*** Available data Section Begins ***

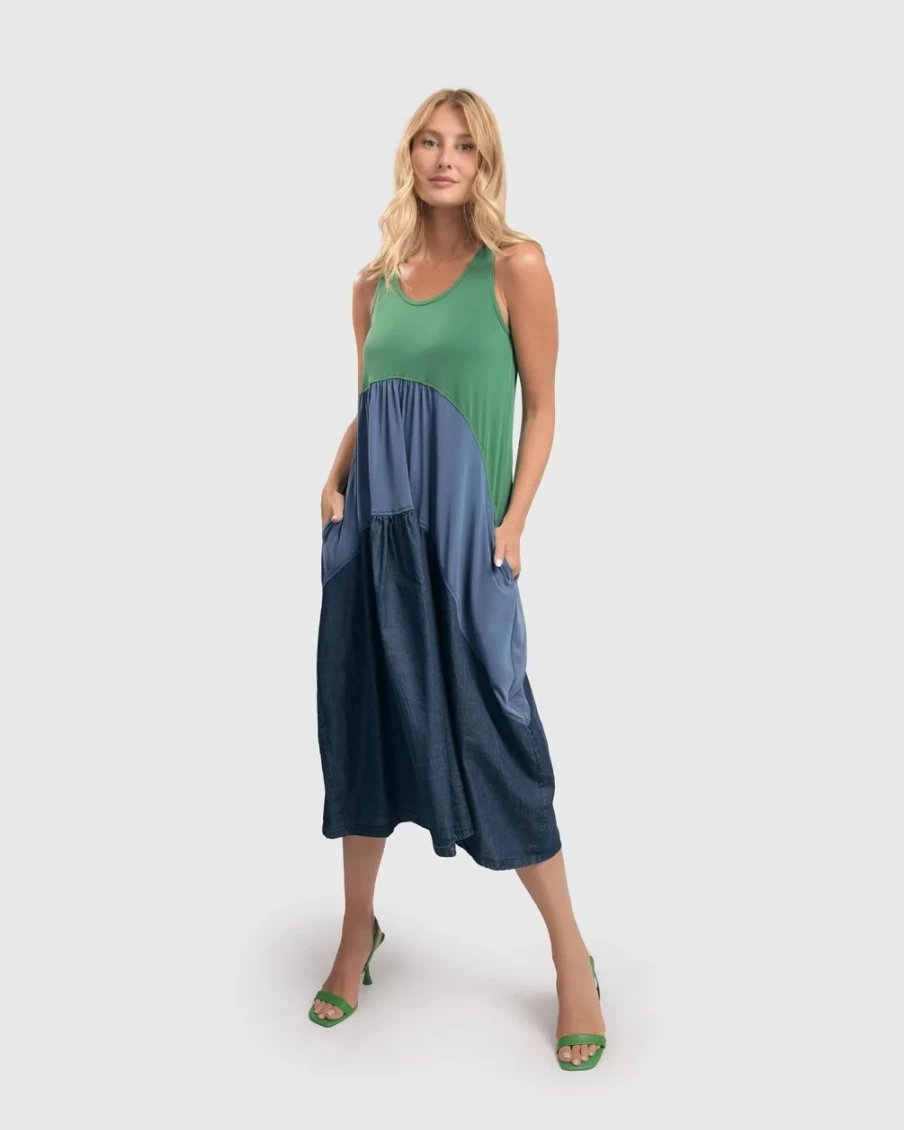 ALEMBIKA Women's Ocean Blue Colorblock Sleeveless Swing Dress - Fresh Summer Beach Style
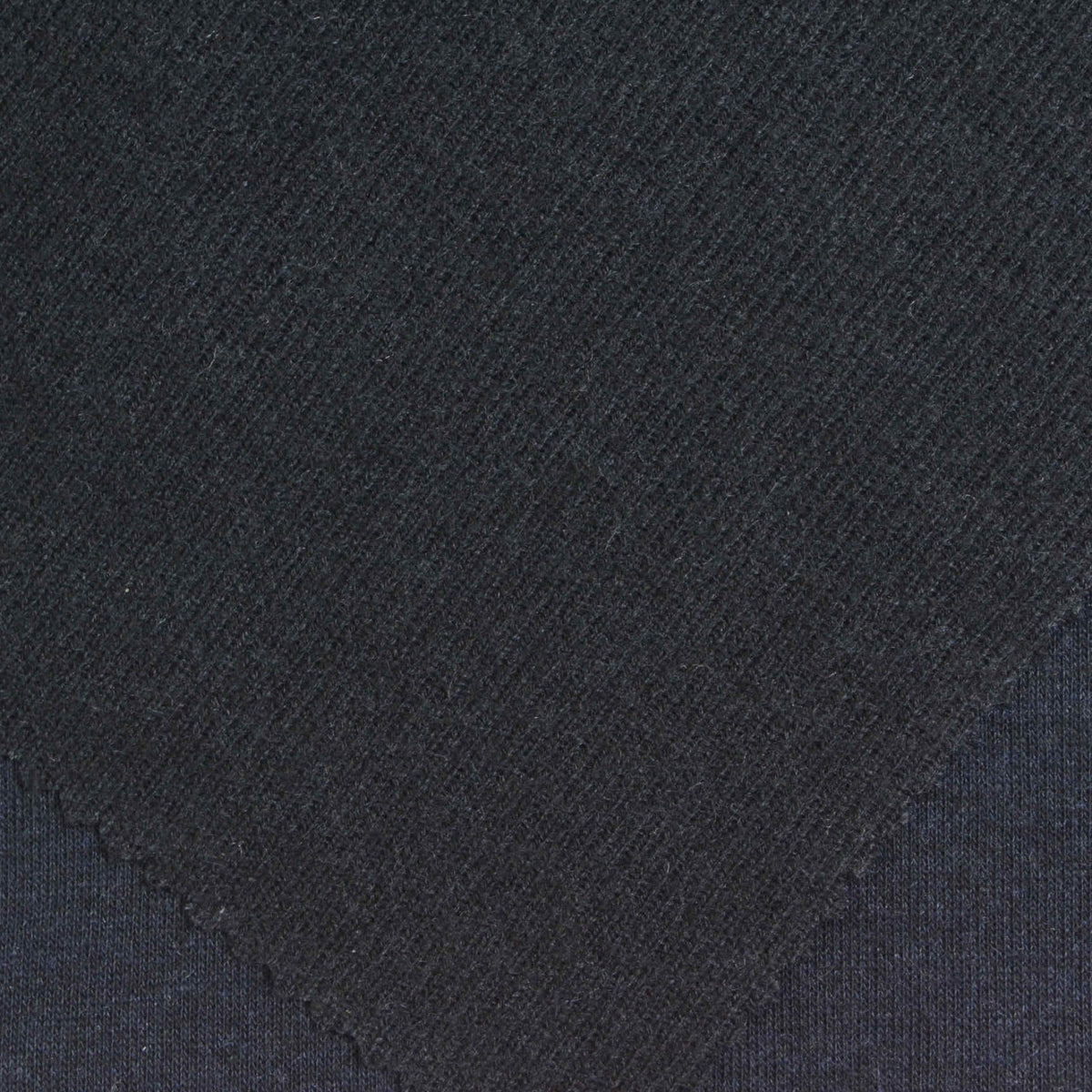 Brushed Polyester Cotton Rib Knit Fabric, 315 gsm, 160 cm — Navy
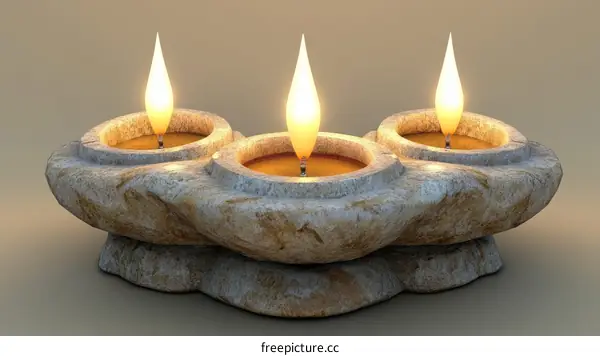Three Candles in Stone Candleholder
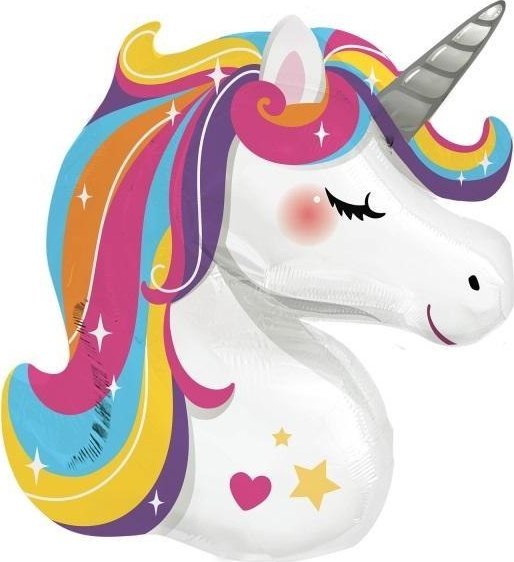AMSCAN Balon foliowy w kształcie jasnego tęczowego jednorożca 70x78cm spakowany 9916533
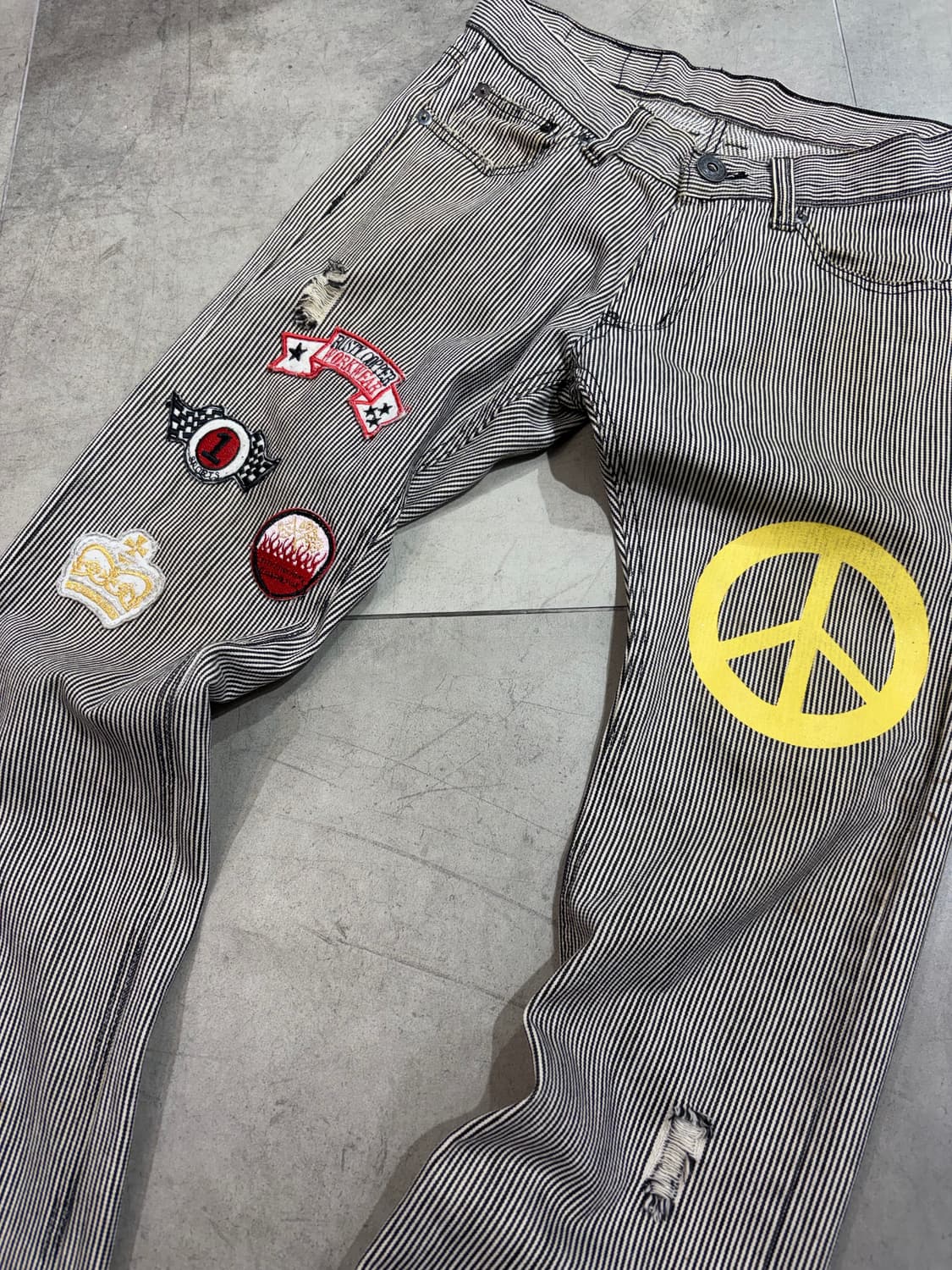 일본빈티지 peace 데님 팬츠 상품이미지3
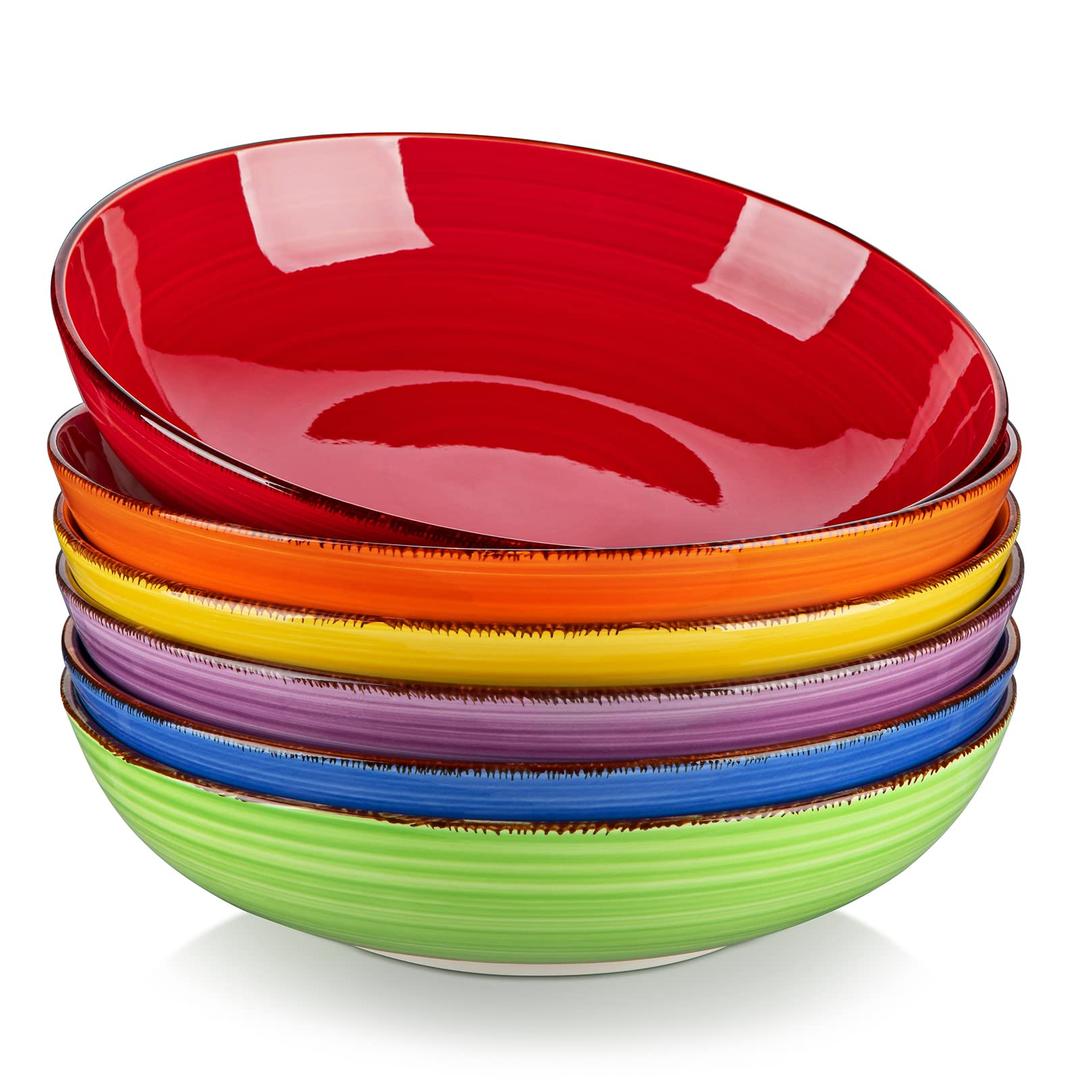 vancasso Bonita Pasta Bowls Set of 3, 38 oz Shallow Ceramic Bowls for Pasta, Salad, Soup & More - Microwave, Dishwasher & Oven Safe - Assorted Colors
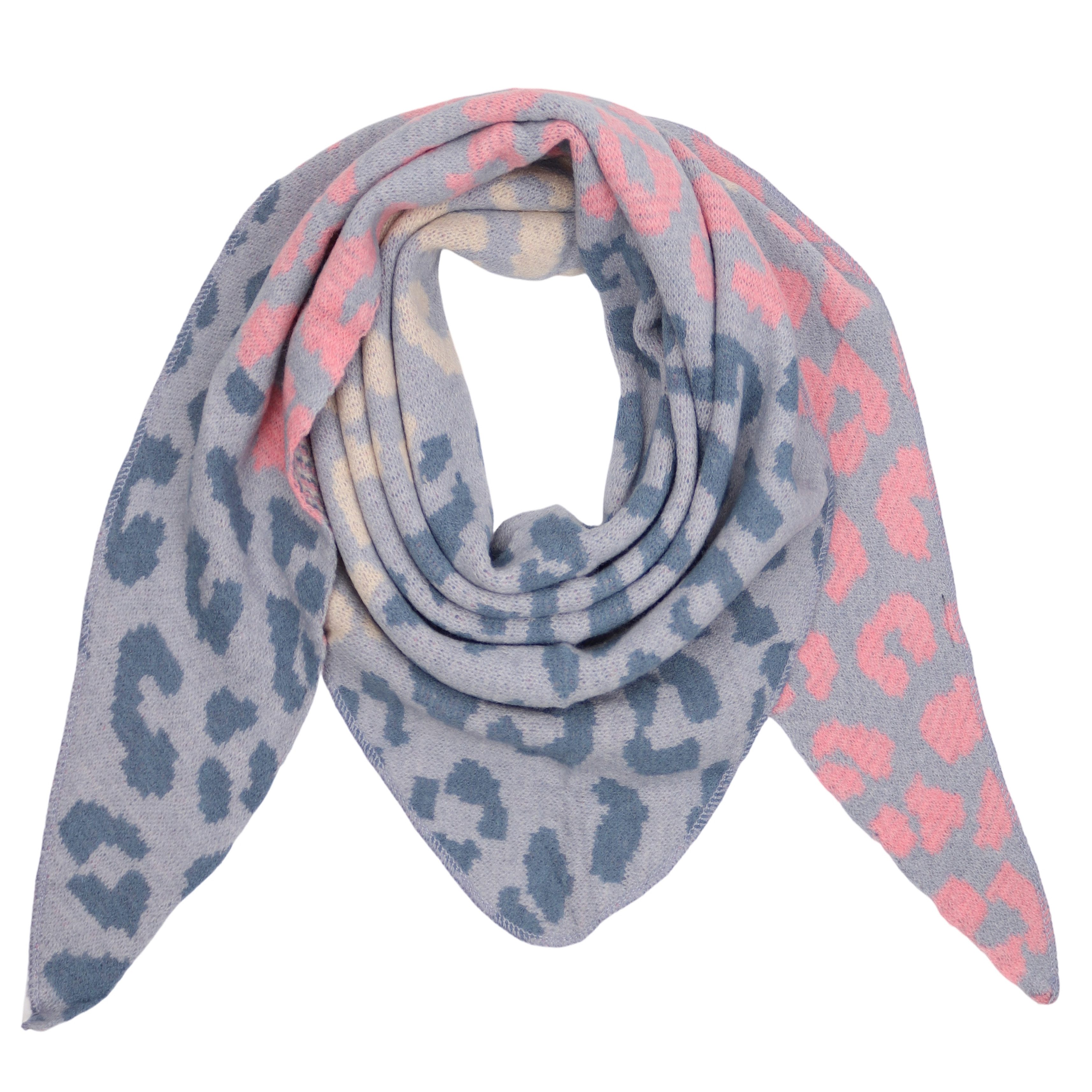 MIRROSI Dreieckstuch kuschliger und warmer Dreiecksschal ca.190x80 cm, (Leo Muster; Neue Kollektion Herbst/Winter 2025), Trendiges LEO-Design, wärmend & weich
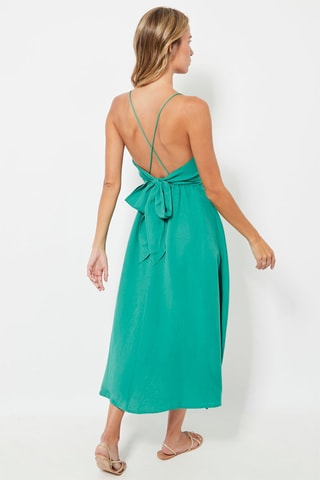 Robe midi en lin - Turquoise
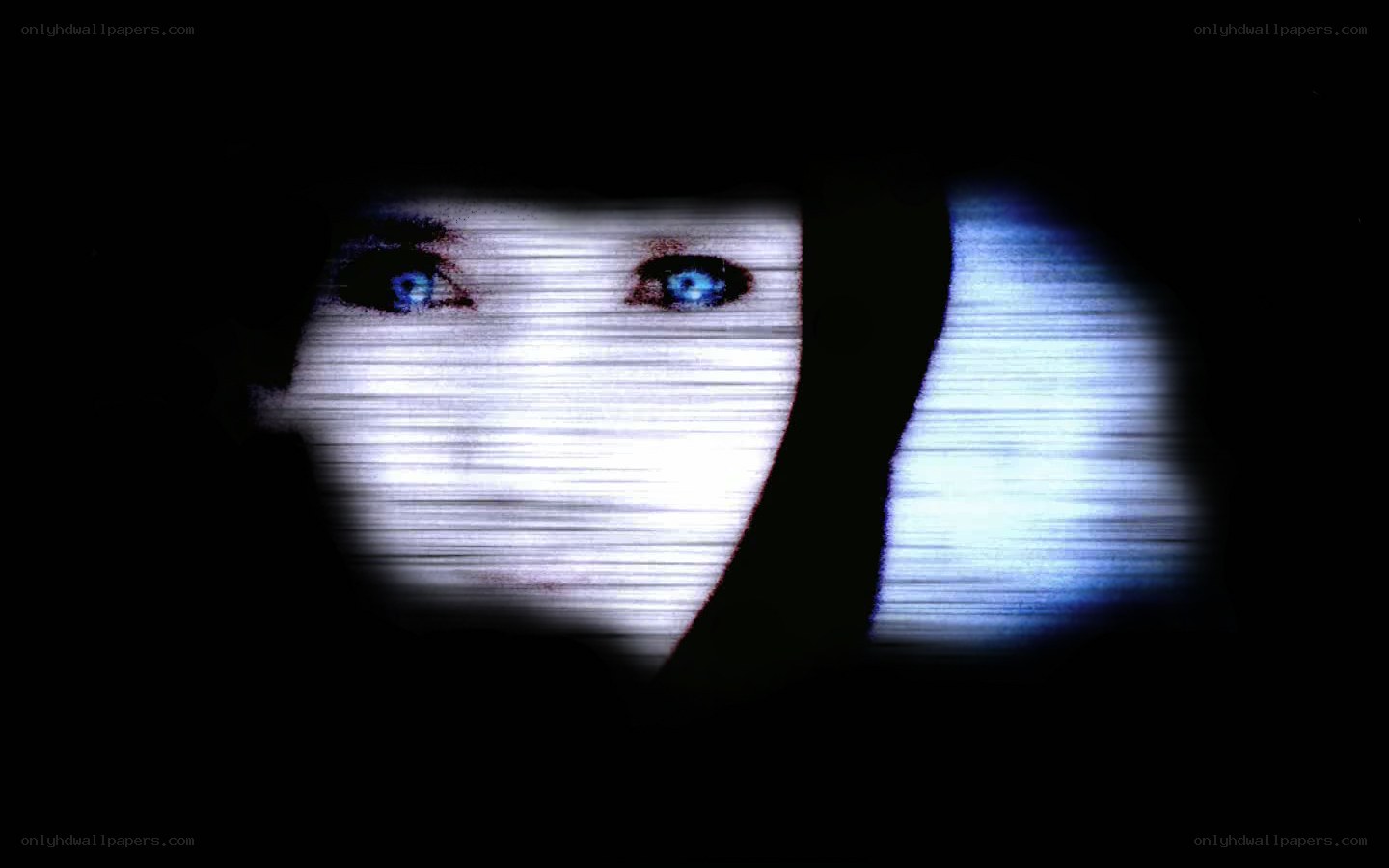 glitchy eyes in darkness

*** Available data Section Ends ***

About this exercise
Without any picture, return exactly the lines of the records above from the first through the line that contains "일본빈티지 peace 데님 팬츠 상품이미지3".

Task output
 ALEMBIKA Women's Ocean Blue Colorblock Sleeveless Swing Dress - Fresh Summer Beach Style
 Brushed Polyester Cotton Rib Knit Fabric, 315 gsm, 160 cm — Navy
Three Candles in Stone Candleholder
AMSCAN Balon foliowy w kształcie jasnego tęczowego jednorożca 70x78cm spakowany 9916533
 일본빈티지 peace 데님 팬츠 상품이미지3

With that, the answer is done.